Excerpted records -
Segment Open
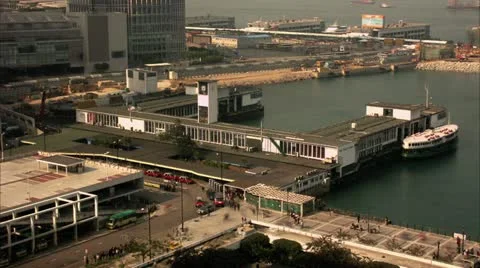 Timelapse Kowloon ferry terminal Видео 11547282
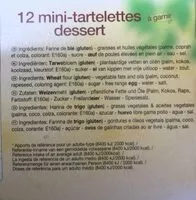 Sucre et nutriments contenus dans Les3 toques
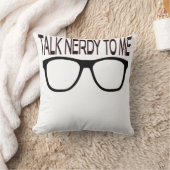 黒い眼鏡でオタクとギークする クッション (ブランケット)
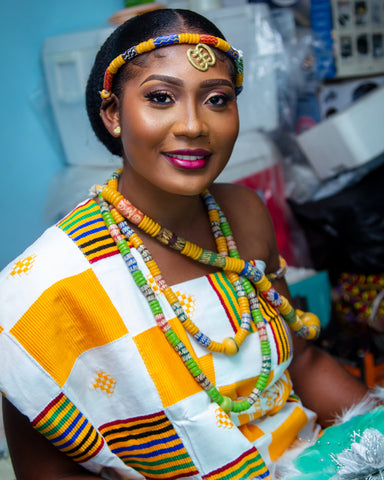 Bride in Kente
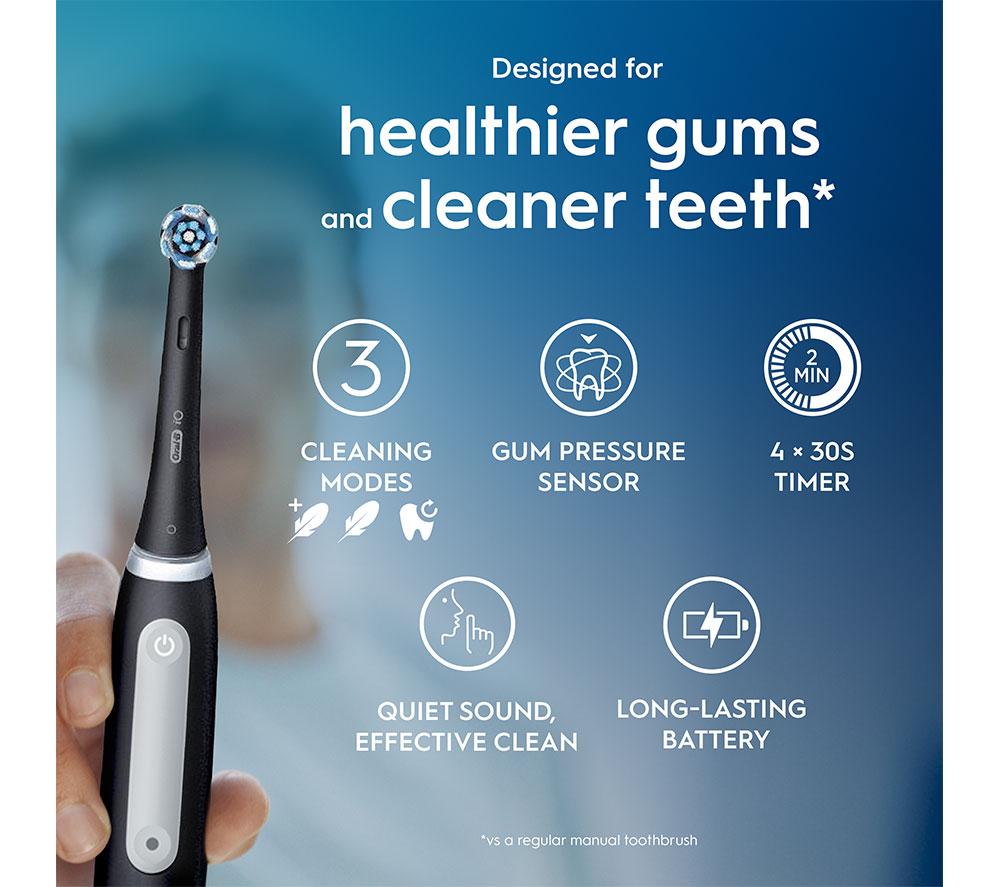 ORAL-B iO3 Electric Toothbrush Duo Pack - Blue & Black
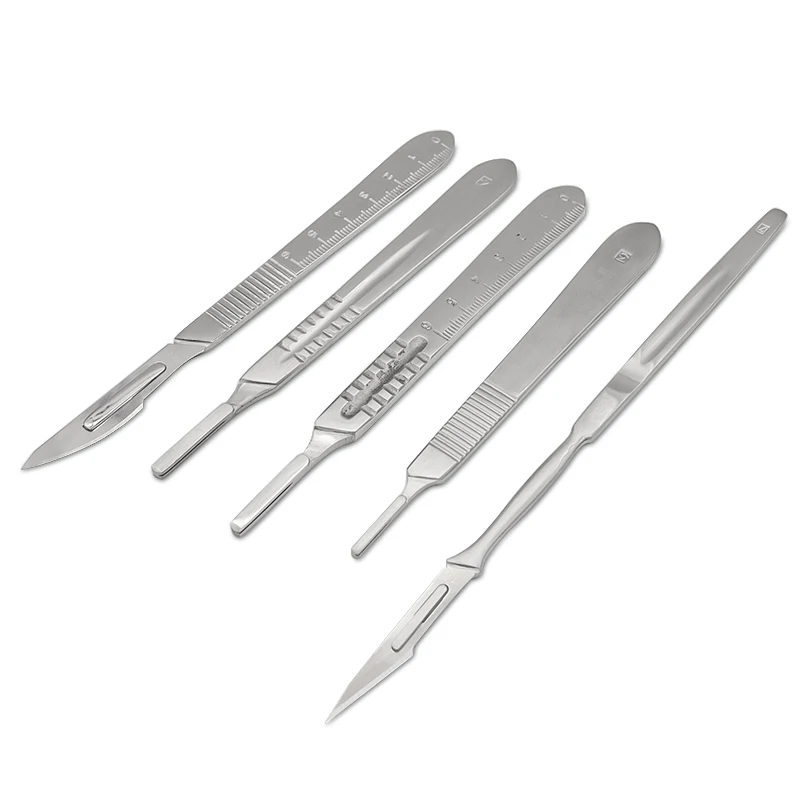 Medical Stainless Steel Surgical Handle No. 3, No. 4 Pet Scalpel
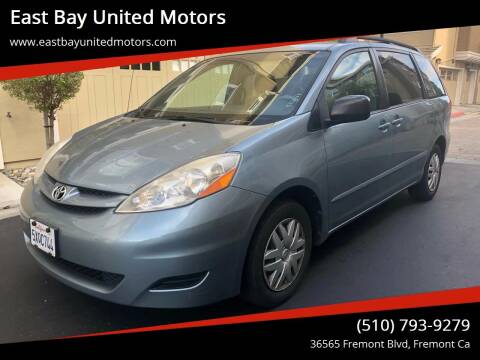 2007 Toyota Sienna for sale at East Bay United Motors in Fremont CA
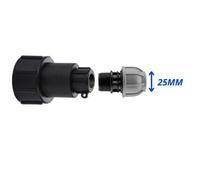 Mypurecore Ibc S60X6 3/4In Extended Adaptor - Mdpe Fitting 25mm Straight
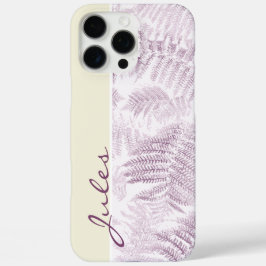 Lush Serene Rosa Ferns på Gult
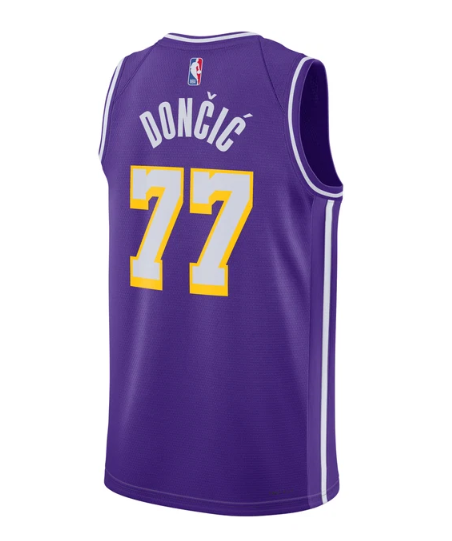 Dri-FIT NBA Swingman Los Angeles Lakers 2025/26 Statement Edition Jersey 'Luka Dončić Men Women Youth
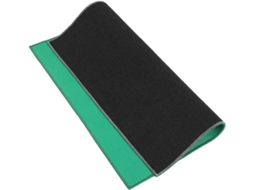Tapete Grande Antiderrapante E Com Absorção Acústica Em Tecido Verde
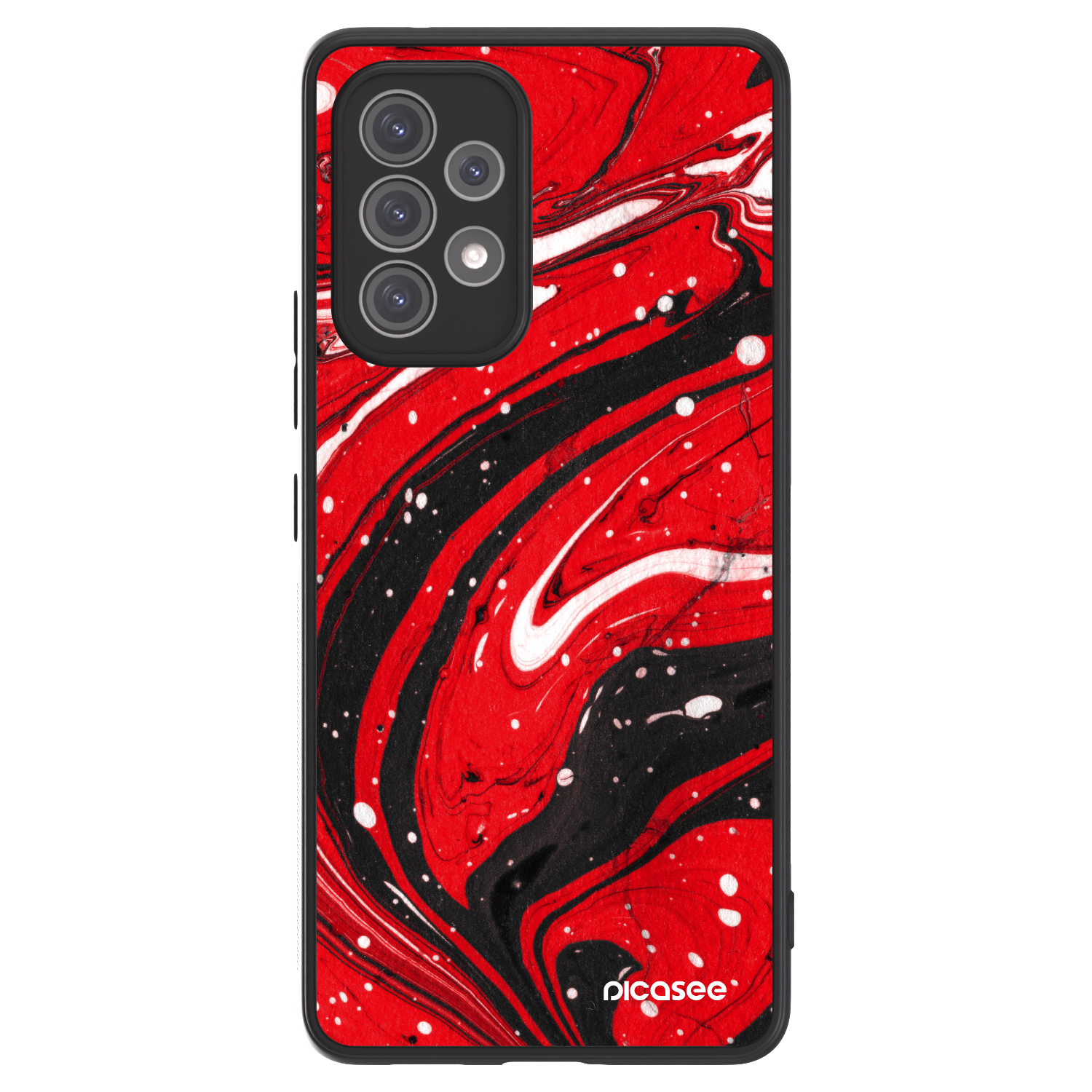 Picasee ULTIMATE CASE pro Samsung Galaxy A52s 5G A528B - Red black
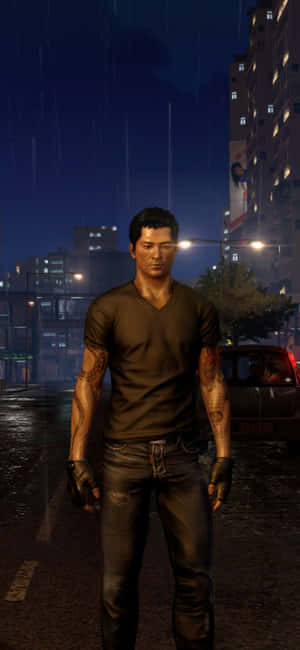 Iphone Xs Sleeping Dogs Bakgrunn — Sleeping dogs Bakgrunner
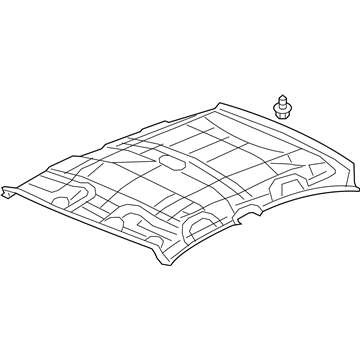 Honda 83200-TR0-A21ZB Lining Assy., Roof *NH686L* (WARM GRAY)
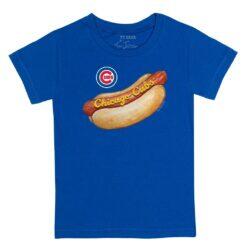 Chicago Cubs Tiny Turnip Infant Hot Dog T-Shirt - - Front View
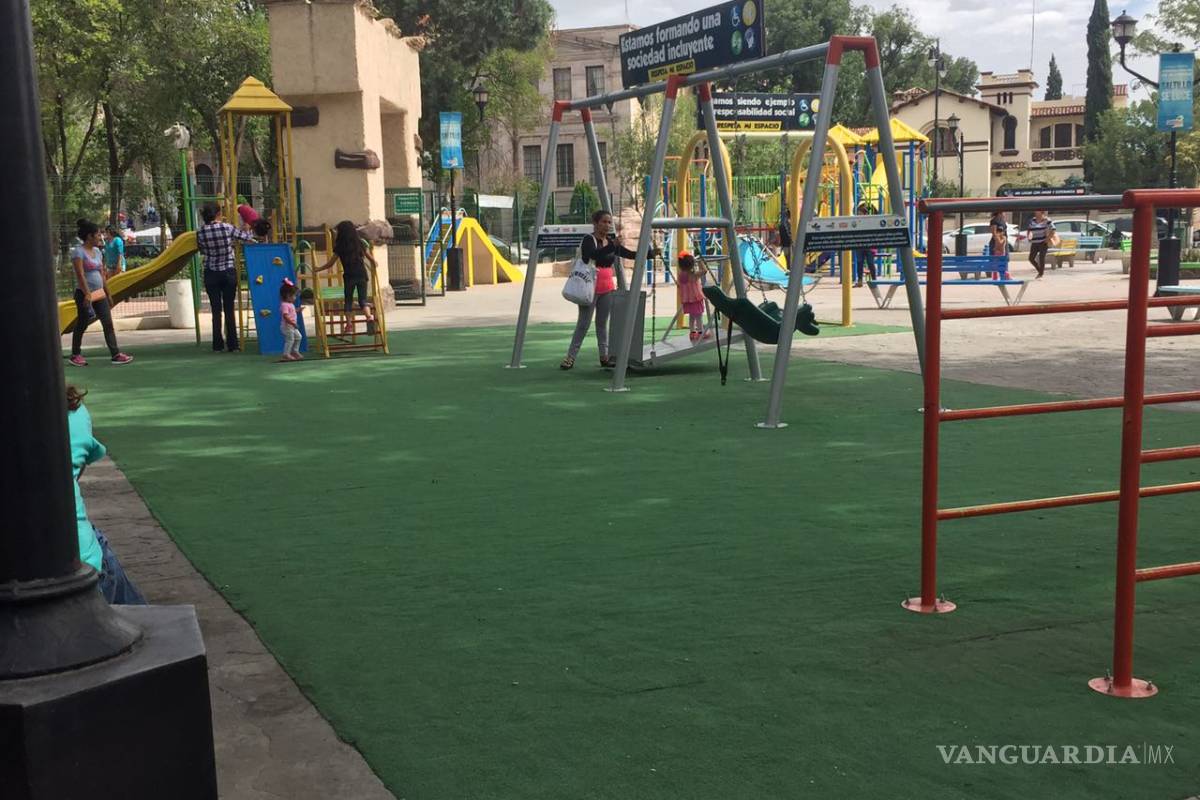 Hacen mal uso de juegos para niños discapacitados en Alameda de Saltillo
Segment Closed
Work required - Only the lines from the one holding "Iphone Xs Sleeping" through the last line of the records should be output, please, exactly and without any pictures.

Result below -
 Iphone Xs Sleeping Dogs Bakgrunn — Sleeping dogs Bakgrunner
 Honda 83200-TR0-A21ZB Lining Assy., Roof *NH686L* (WARM GRAY)
 Chicago Cubs Tiny Turnip Infant Hot Dog T-Shirt - - Front View
 Hacen mal uso de juegos para niños discapacitados en Alameda de Saltillo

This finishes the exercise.